Originally the song was recorded in 1968 as a demo in Glenn Cambell Studio in Pittsburgh, Pennsylvania. John Vaughan played lead guitar on a Gibson Firebird electric guitar. Norris Lytton played a 4 string Hagstrom bass. After nearly 40 years, in 2006, that version of Circus Farm was released on a CD titled "Mind Garage Early Years" ( alternately titled "A Total Electric Happening" Morning Glori Music )

A second version was recorded in 1969 for "Mind Garage Again/The Electric Liturgy", RCA Victor LSP-4319 in Nashville at RCA's "Nashville Sound" Studio A, on Music Row. But this time without Vaughan's Firebird electric guitar. Instead Jack Bond, used Chet Atkins' custom Martin acoustic guitar and a Leslie tone cabinet and Lytton used an 8 string Hagstrom bass guitar which produced a dramatic change in the sound. Ted Smith played a Slingerland drum set on the 1968 version and a Premier custom-made chrome drum set with double bass drums on the 1969 versions.

==Composition background==

The upper porch of the house at Valley View Farm overlooks a part of the valley with a wide view of the sky, which inspired the lyrics "Sky of blue May come my way". A circus can be a wild array of noisy disorder. Such is the history of the farm in Romney, West Virginia, and why the song is named "Circus Farm".

Romney was settled in 1725 by British colonial hunters and traders, but by the 1750s the residents were engaged in French and Indian War. In the 1780s, during the American Revolution, former Hessian prisoners built homes there. Valley View Farm itself was built in 1855. In the 1860s during the American Civil War the town changed hands between Confederate and Union armies an amazing 56 times.
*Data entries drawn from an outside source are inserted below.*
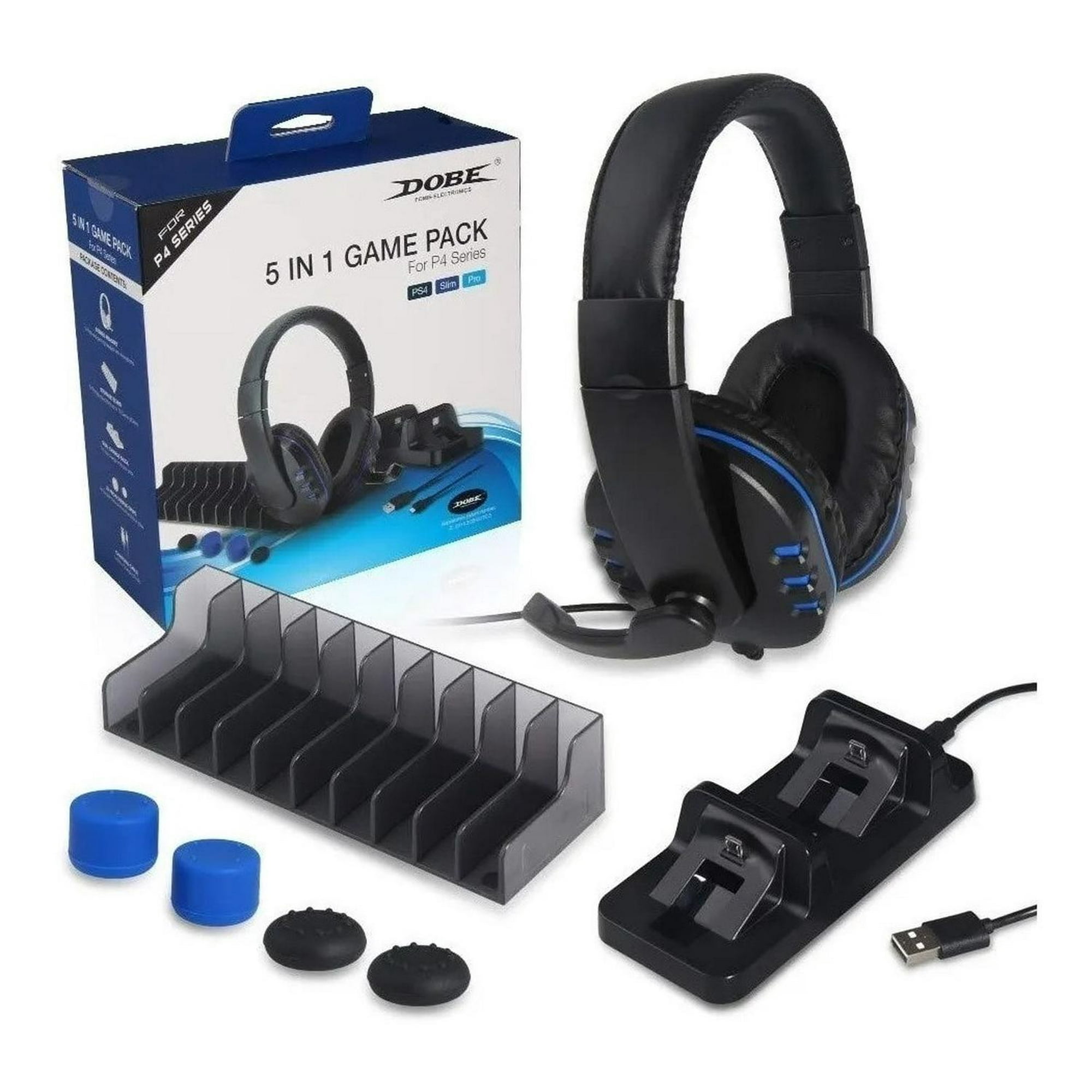 Dobe - Pack Gamer 5 En 1 Ps4 Audifono-cargador-cable-mic-grip-cable Azul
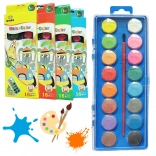 Culori acuarelă școlare 16 culori cu pensulă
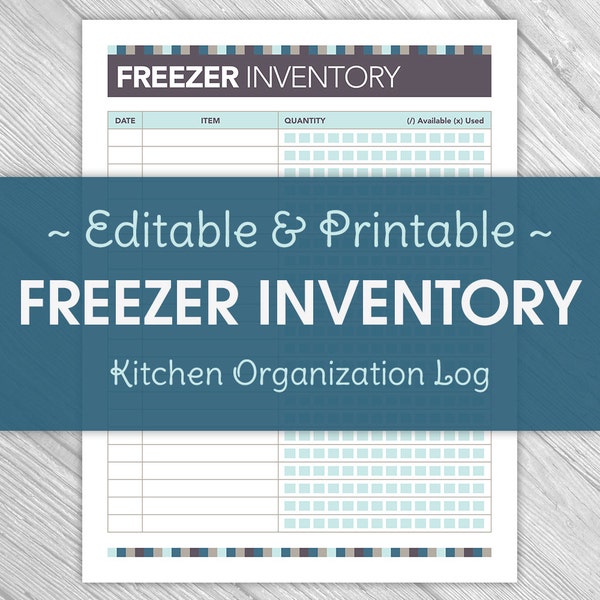 Printable Editable Kitchen Freezer Inventory - Kitchen Organization, Kitchen Inventory, Instant Download, squares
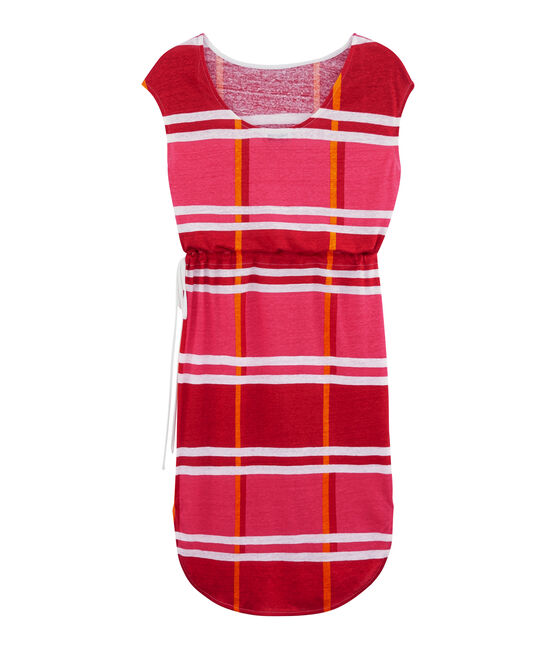 Women's Dress GEISHA pink/MULTICO white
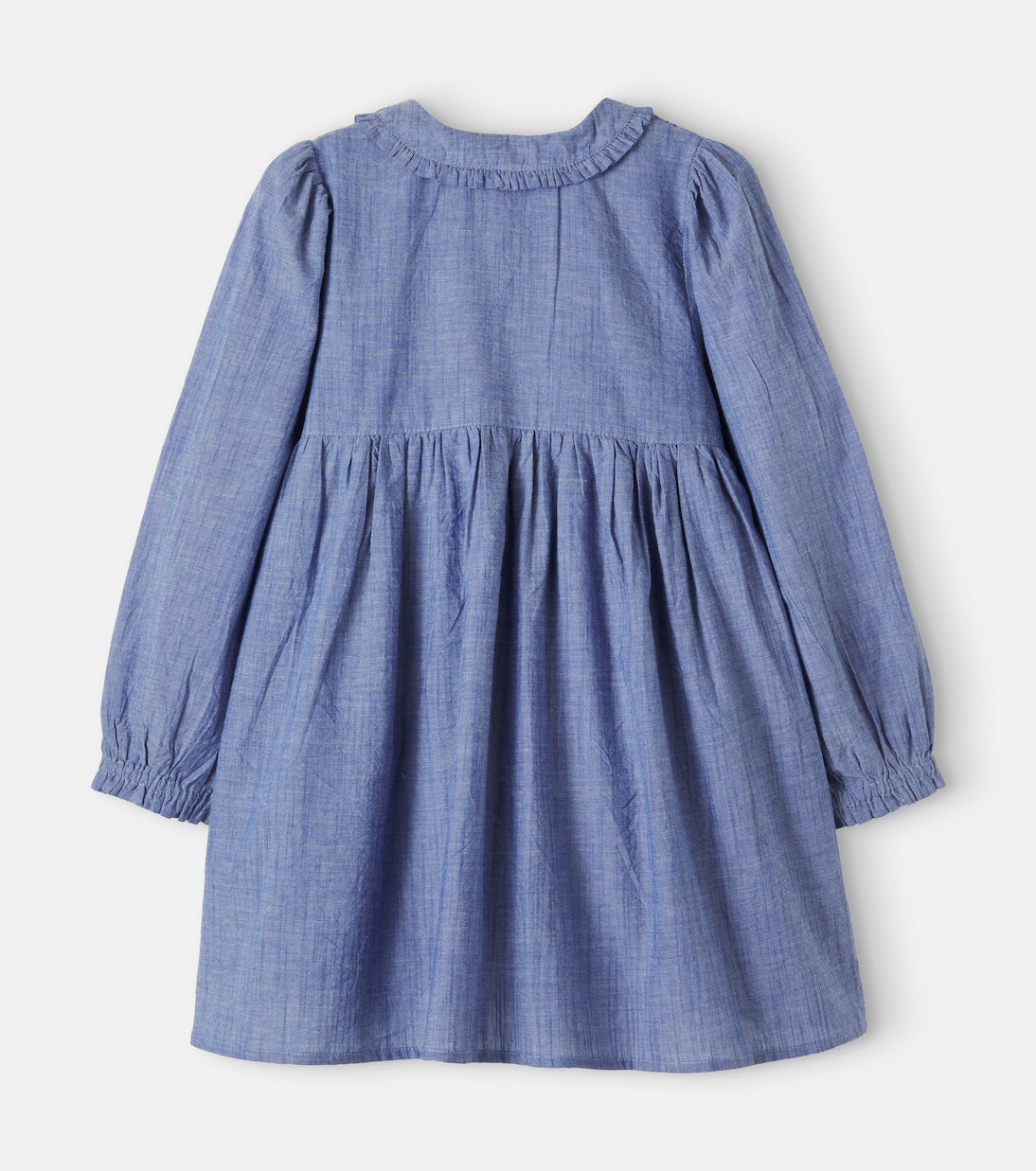 Emile et Ida - Embroidered smocked cotton chambray dress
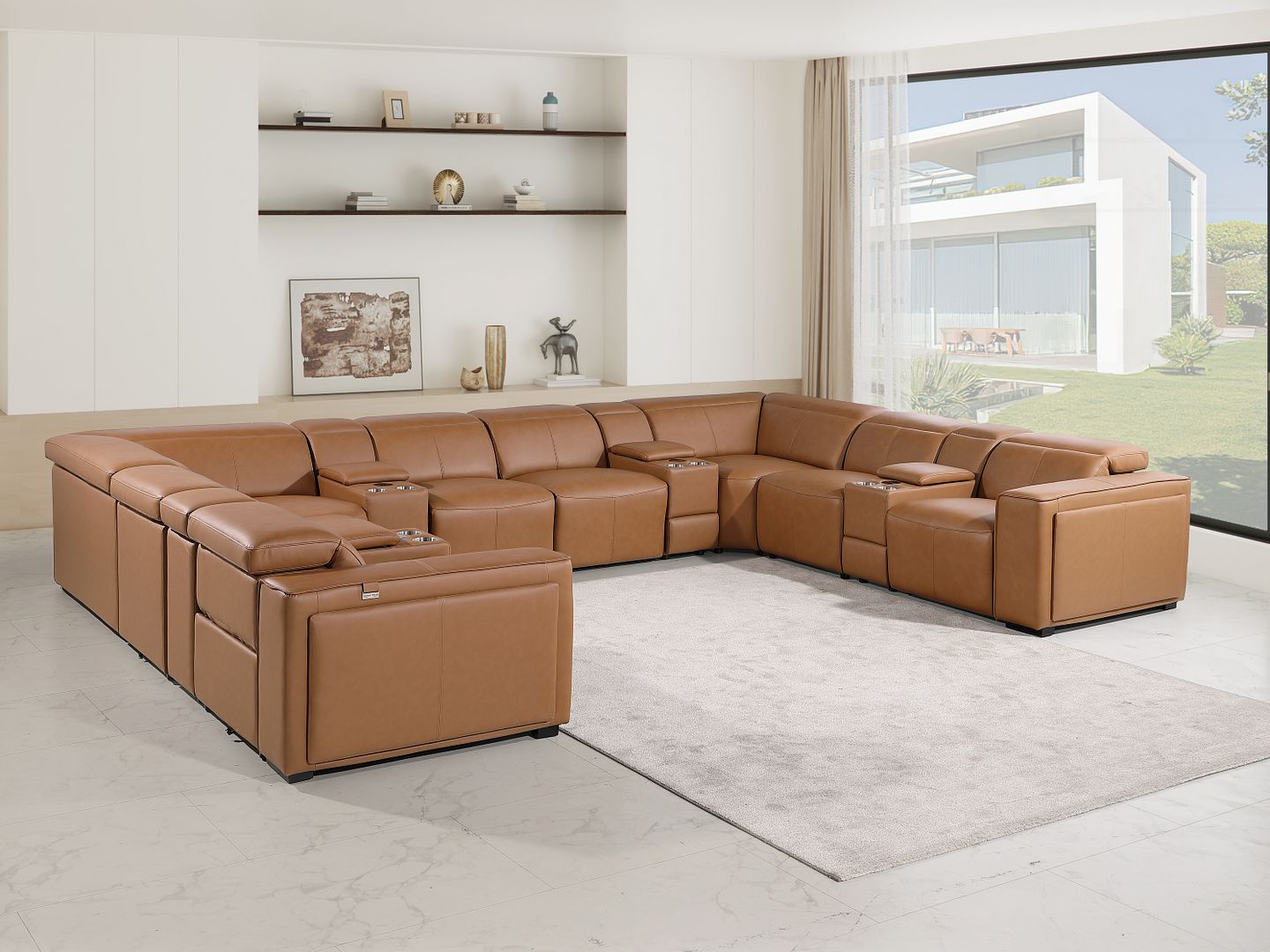 1224 Divanitalia 12-Piece U-Shaped Sectional Sofa in Top Grain Italian Leather with 4 Power Recliners & Power Headrests - Cognac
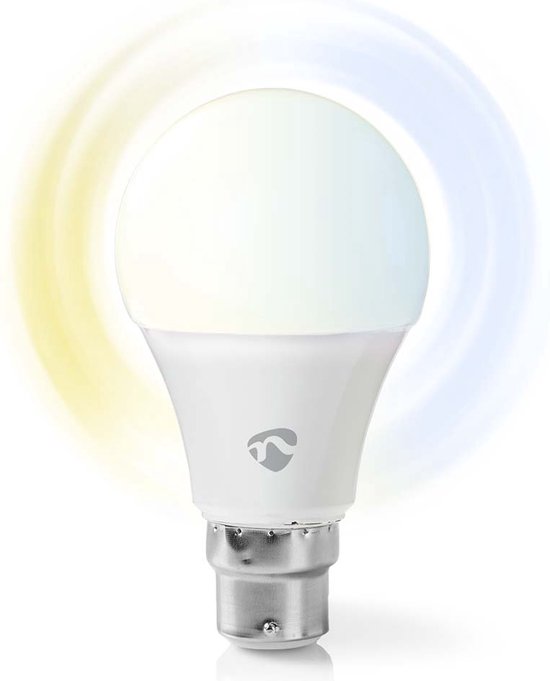 Nedis SmartLife LED Bulb | Wi-Fi | B22 | 800 lm | 9 W | Koel Wit / Warm Wit | 2700 - 6500 K | Energieklasse: A+ | Android™ / IOS | A60 | 1 Stuks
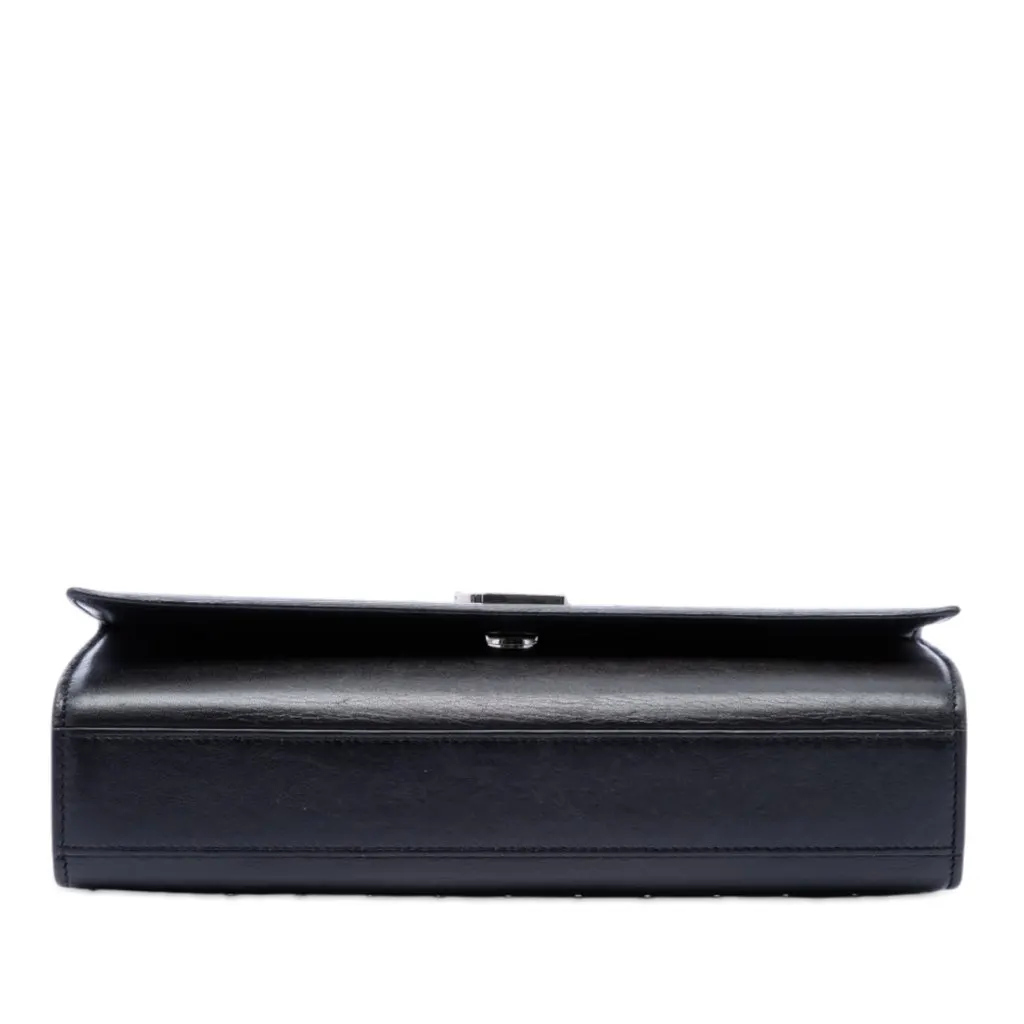 Saint Laurent Medium Studded Calfskin Monogram Kate Crossbody Black Leather Very good - Inside View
The lyrics "Living Kingdoms shot the gun, Killing sparrows..." refer to the violent history of the area.

==Personnel==
- Larry McClurg - lead vocal, backing vocal, lyrics
- John Vaughan - lead guitar
- Jack Bond - keyboard, backing vocal
- Ted Smith - percussion
- Norris Lytton - bass guitar, backing vocal
- Glenn Cambell sound engineer
- Tom Cossie assistant producer

== Goodstock 2007 Music Festival ==
On July 21, 2007 the Mind Garage performed "Circus Farm" at the Goodstock Music Festival promoted by McClurg and Artie Kornfeld ( The Father of Woodstock ).
 At the festival John Vaughan played lead guitar on the Gibson Firebird for Circus Farm. Kornfeld states he is more excited about Goodstock than Woodstock. Woodstock was a venture, Goodstock is an adventure." Eathmother's Goodstock Story recounts the Spirit of Woodstock at Goodstock 2007.